Callus induction and viability of mangosteen (Garcinia mangostana L.) from in vitro bud

Mangosteen is a unique tropical fruit that originated from Indonesia that has a good prospect. One of the main problem is the slow rate of growth of this plant, so it is difficult to get seed. The need to produce numerous and good quality plantlet in a short time has been carried out with in vitro culture. To solve the problem is getting from callus induction by tissue culture method. The objective of this research was to find the best combination of medium and plant growth regulator for in vitro mangosteen callus induction. In vitro bud were treated with six level treatment, a) without plant growth regulator, b) 1 ppm 2,4 D, c) 1 ppm 2,4 D and 1 ppm Kinetin, d) 1 ppm 2,4 D and 0.5 ppm TDZ, e) 1 ppm Kinetin and 0.5 ppm TDZ, f) 1 ppm 2,4 D and 1 ppm Kinetin and 0.5 ppm TDZ for callus induction in Murashige and Skoog (MS) medium.
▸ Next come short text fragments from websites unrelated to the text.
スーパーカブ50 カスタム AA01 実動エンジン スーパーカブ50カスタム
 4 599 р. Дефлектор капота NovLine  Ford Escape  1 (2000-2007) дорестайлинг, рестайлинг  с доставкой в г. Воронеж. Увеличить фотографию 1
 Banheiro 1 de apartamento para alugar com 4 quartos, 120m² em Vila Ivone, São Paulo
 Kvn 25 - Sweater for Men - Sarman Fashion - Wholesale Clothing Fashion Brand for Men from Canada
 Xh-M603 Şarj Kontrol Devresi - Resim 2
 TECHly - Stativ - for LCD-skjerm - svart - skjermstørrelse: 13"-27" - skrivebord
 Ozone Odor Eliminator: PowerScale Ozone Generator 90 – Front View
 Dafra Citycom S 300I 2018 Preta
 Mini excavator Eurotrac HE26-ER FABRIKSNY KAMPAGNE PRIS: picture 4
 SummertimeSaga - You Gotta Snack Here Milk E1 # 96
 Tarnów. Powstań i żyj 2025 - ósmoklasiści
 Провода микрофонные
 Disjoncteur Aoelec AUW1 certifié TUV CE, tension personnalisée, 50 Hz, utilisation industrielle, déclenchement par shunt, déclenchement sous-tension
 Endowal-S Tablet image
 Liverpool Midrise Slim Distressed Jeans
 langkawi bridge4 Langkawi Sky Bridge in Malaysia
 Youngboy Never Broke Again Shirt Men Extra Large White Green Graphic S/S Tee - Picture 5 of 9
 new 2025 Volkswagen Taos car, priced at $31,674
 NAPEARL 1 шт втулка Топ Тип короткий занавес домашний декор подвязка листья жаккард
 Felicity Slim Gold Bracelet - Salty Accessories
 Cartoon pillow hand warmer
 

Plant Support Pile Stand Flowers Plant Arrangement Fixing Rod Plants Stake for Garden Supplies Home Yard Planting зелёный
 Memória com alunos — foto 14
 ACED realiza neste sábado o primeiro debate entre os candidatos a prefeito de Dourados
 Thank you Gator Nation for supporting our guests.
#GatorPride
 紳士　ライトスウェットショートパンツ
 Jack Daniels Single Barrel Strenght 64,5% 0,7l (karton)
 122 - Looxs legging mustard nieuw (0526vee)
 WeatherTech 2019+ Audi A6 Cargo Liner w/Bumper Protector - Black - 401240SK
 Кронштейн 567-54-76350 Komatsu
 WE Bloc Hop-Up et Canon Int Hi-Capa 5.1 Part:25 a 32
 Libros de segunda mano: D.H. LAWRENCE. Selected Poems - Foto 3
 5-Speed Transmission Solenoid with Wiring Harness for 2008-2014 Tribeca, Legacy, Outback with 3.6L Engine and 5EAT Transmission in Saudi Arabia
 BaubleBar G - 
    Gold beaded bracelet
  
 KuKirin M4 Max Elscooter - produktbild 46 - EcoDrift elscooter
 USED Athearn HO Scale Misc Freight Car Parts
After five week treatment, callus is transfered to 0.5 ppm NAA + 0.2 ppm Kinetin + five concentrations of Benzyl Amino Purine (BAP) (0, 1, 2, 3, 4 ppm). Our result show that plant growth regulator positively affected mangosteen callus induction (time of callus appearance, biomassa, colour, texture, browning). The best medium for mangosteen callus induction was found to be MS + 1 ppm Kinetin + 0.5 ppm Thidiazuron. After transfer, colour, size and texture of the callus is changes, but not for biomassa.